Les petits budgets auront quand même intérêt à miser sur la qualité de ce qu’ils mangent car à moyen terme, c’est leur santé qui est mise en danger quand on ne consomme que du bon marché, souvent hypertransformé et plein de sucres. Les petits budgets auront intérêt à changer l’ordre de priorité de leurs dépenses, à renoncer au superflu (oui, oui, il y en a toujours, de la fast fashion aux abonnements à un service de “video on demand”, des sucreries en tout genre aux “actions” en tout genre…) pour se concentrer sur l’essentiel (la nourriture de qualité).

Les petits budgets réaliseront aussi de belles économies en fabriquant leurs produits d’entretien et d’hygiène eux-mêmes. C’est simple, rapide et bon marché.

Une recette miracle?

Bon alors, y a-t-il une recette infaillible pour aider à faire les bons choix?

Je ne crois pas. Pour paraphraser Christophe André, psychiatre et psychothérapeute adepte de méditation, je fais de mon mieux… et je n’oublie pas d’être heureuse! Il faut lâcher la pression de temps en temps.

Pour répondre à mon fils, je dirais que je vais continuer de manger du bon chocolat bio et fair trade, même emballé, mais promis, je vais en manger moins et encore plus me délecter du moindre carré que je croque.
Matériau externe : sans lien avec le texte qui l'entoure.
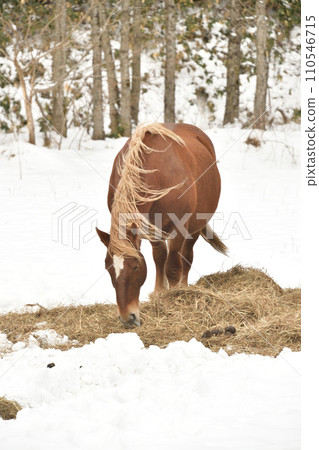 Photographing a horse grazing hay on a snowy field in winter in Otobe Town, Hokkaido Photographing a horse grazing hay on a snowy field in winter in Otobe Town, Hokkaido 110546715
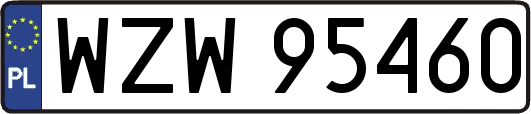 WZW95460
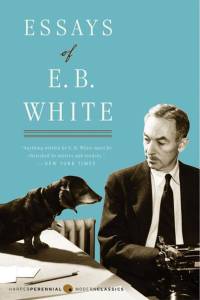 Essays of E. B. White av E B White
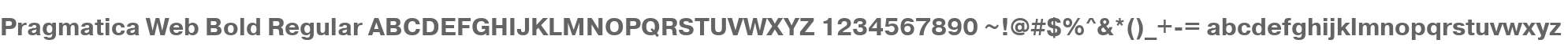 Pragmatica Web Bold Regular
Qu’il se rassure: on va garder notre lave-vaisselle, nos torchons en microfibres et notre adoucisseur. Et au prochain t-shirt de sport “fichu de chez fichu”, je vais casser ma tirelire et m’offrir un t-shirt en laine mérinos.

L’important est ailleurs, jr crois. C’est d’être conscient que les choix que nous faisons au jour le jour ont un impact immédiat, ici dans nos poubelles, mais aussi ailleurs, bien plus loin. Une certitude: cet impact me reviendra un jour ou l’autre comme un boomerang en termes de taxes poubelles forfaitaires (sur lesquelles je ne peux pas agir), de réchauffement climatique, de manque de ressources, de personnes migrantes qui recherchent asile dans nos pays confortables et en paix (qui ne ferait pareil?).
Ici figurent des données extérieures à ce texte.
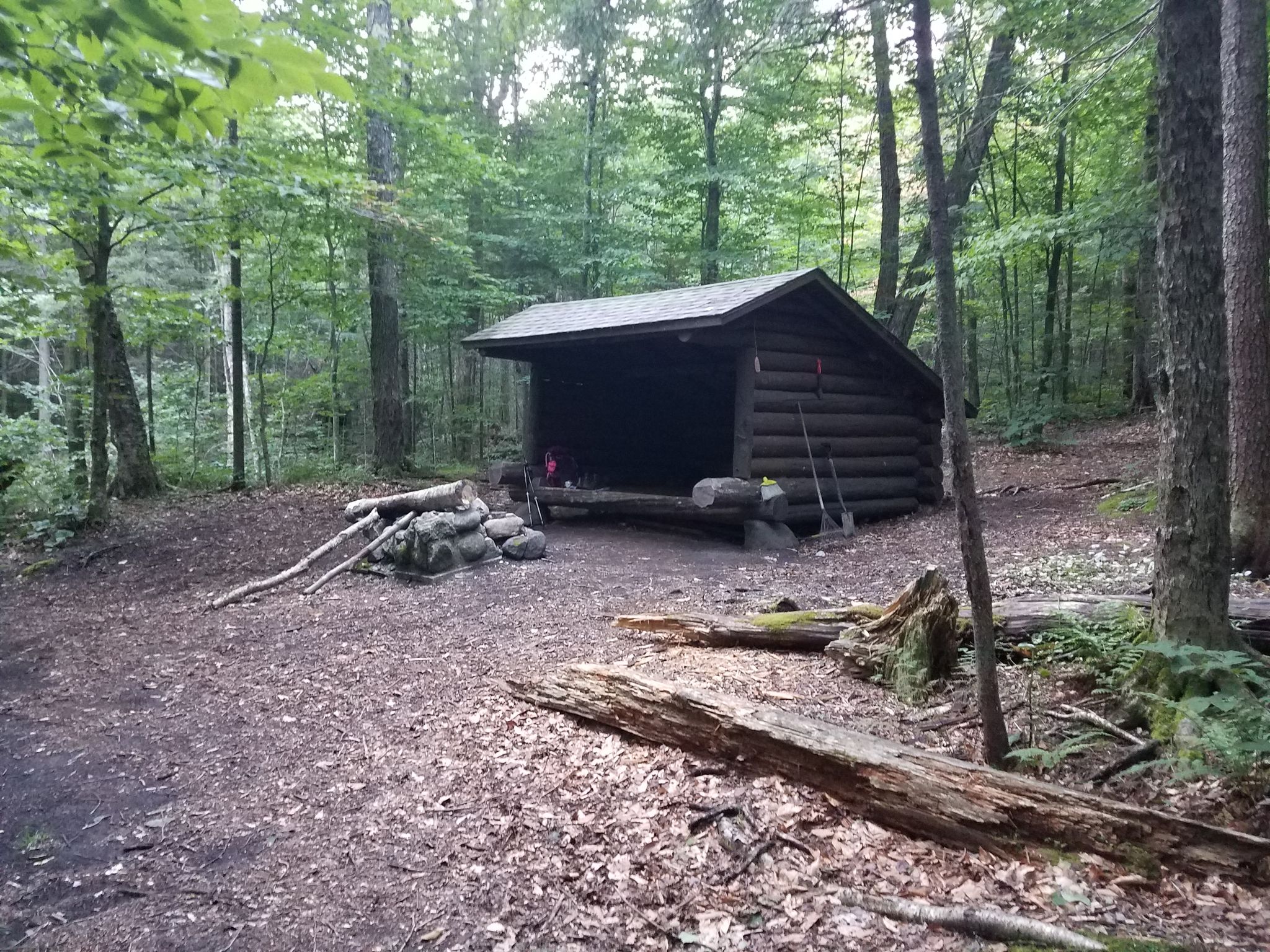 A wooden lean-to shelter in a dense forest with a fire pit. - Blueberry Trail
N’est-ce pas cela aussi, l’effet papillon?

Valérie Sandoz

Valérie est engagée sur la réduction des déchets à titre privé depuis des années. Elle est l'auteur de plusieurs guides, donne des conférences, des cours et anime des ateliers. Géographe et ethnologue de formation, elle interroge notre façon de consommer et partage ses découvertes. Adepte du «fait maison» (conserves alimentaires, lacto-fermentation, cosmétiques, produits de nettoyage, etc.), Valérie anime un blog personnel consacré à la cuisine sans gluten, à la réduction des déchets et du gaspillage et à un mode de vie simple et joyeux.
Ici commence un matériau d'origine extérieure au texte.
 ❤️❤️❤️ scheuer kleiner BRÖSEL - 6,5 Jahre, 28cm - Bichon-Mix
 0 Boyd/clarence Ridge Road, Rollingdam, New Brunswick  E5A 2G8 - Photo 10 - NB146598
2 réponses à “L’effet papillon de mon chocolat

  1. Vous écrivez: pas d’emballages inutiles, de production locale, en production respectueuse de l’environnement et des humains (donc bio et de commerce équitable), naturel. (Nous sommes tous d’accord avec vous.) Par contre:
    L’ENVIRONNEMENT AVANT LES HUMAINS, DONT NOUS PROFITONS DE LEURS ENVIRONNEMENT (CACAO, CAFÉ) AVANT DES HUMAINS QUI TRAIVAILLE LE CACAO POUR UN POURBOIRE! Dernièrement j’ai regardé un reportage sur ce sujet du Cacao. Les gens gagne même pas assez pour envoyer leurs enfants à l’école. Un responsable était interviewé. Sa réponse: Nous avons construit des écoles pour les enfants des ouvriers. Quelle arrogance! S’ils gagneraient assez d’argent, ils n’auriont pas besoin de nos aumônes! J’adore le Chocolat, le Café. Quoi faire? J’aime les articles qui amènent à un monde un peu meilleurs et surtout de lequel résulte une action!
    Cordialement, Mirta Grüter

    1. Bonjour Mirta,
      J’ai aussi regardé ce reportage de ABE sur les labels UTZ et Fairtrade, avec effarement (à revoir ici: https://pages.rts.ch/emissions/abe/10157120-prix-de-lessence-le-cout-de-pompe.html#timeline-anchor-segment-10266840). C’est sans doute celui que vous avez vu. C’était après la rédaction de cet article. Jusqu’à présent, je me suis fiée à l’analyse d’organismes et d’associations reconnues, comme le WWF ou la FRC (voir ici: https://www.frc.ch/labels-alimentaires-evalues/). Il est impératif maintenant d’en savoir plus. Est-ce que ce reportage est emblématique de toute une situation ou seulement un cas particulier, une exception qui a échappé aux contrôles? Il faut interpeller l’émission ABE pour cela. Voilà une première action! La seconde action: en attendant, susprendre la consommation de chocolat… cela ne va pas être facile, en ce qui me concerne!